So we ate our guesthouse breakfast, (veg nasi goreng with plenty of golden-fried tempe, sederhana dan lezat), packed the car, checked out, said our goodbyes and pulled out of the parking lot.

Next, we stopped on the way out of town to get the most amazing tofu bao either of us ever had. These were the kind of dreamy flavor and texture combination that only asian street food can come up with, it reminded me of Singapore. A common response was “Is this dessert or what?” which just means it is irrational and delicious.

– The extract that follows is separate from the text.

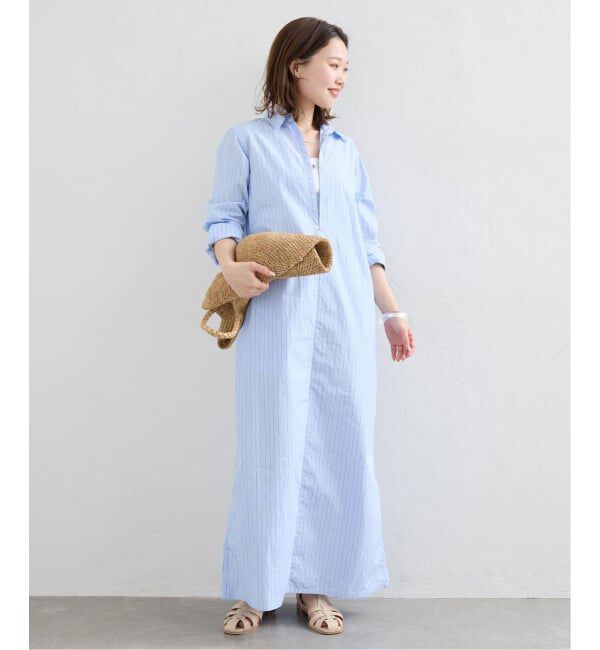 SLOBE IENA「《追加予約》SLOBE レザーグルカサンダル」|サンダル|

(If you are reading this, and ever plan a trip to Bali, no, I won’t name or endorse places on the blog. Bali is dying from tourism, at least, faster than it’s dying from anything else. The last thing this island needs is more advertising hype, in any way, shape, or form. I lay a curse on Instagr-m for this, and all the location-tagging photo-based social media apps. But I would give recommendations by email, so please be in touch. With the caveat that our favorites are the best for us, and not necessarily the best for others.)

Anyway, we picked up some tofu bao for takeaway, along with two chocolate peanut butter banana smoothies, figuring we’d have a nice little meal at a scenic stop along the way.

In any event, we were certain sooner or later to get hungry.

//

Now back to the pothole and me busting the tire.

In my defense. This was bad luck combined with the terrible condition of the two-lane road along the northeast coast. Which is riddled with deep holes, the result of overloaded trucks driving on poorly-laid asphalt, I think? Anyway, in some places it’s like driving on asphalt honeycomb. Usually one can see them in advance and slow to a crawl, so as not to break things. But there I was, passing a local motorbike, at a reasonable speed, in a completely normal maneuver. Being never the fastest, never the slowest, but somewhere in the middle. (It’s not like I was taking an opportune nap. The reins were held not by another’s hands.) And suddenly there was a great gaping hole in the middle of the road. It happened to be right where I was passing. It was disguised by a joint in the asphalt, I think. I was paying more attention to the motorbike on my left and the (distant) oncoming traffic, these other very pressing concerns. I didn’t see the hole in time to avoid. It was ther-KLUNK, and the-whole-car-shakes, sounding like pieces.

And, Oof.

Luckily we thlop-thlopped to a stop right across from a bengkel. We had a spare tire in the trunk and let the mechanic change it for us. (“Contributing to the local economy,” I could call it, whereas E calls it “making friends”.) We “lost” maybe an hour and a half.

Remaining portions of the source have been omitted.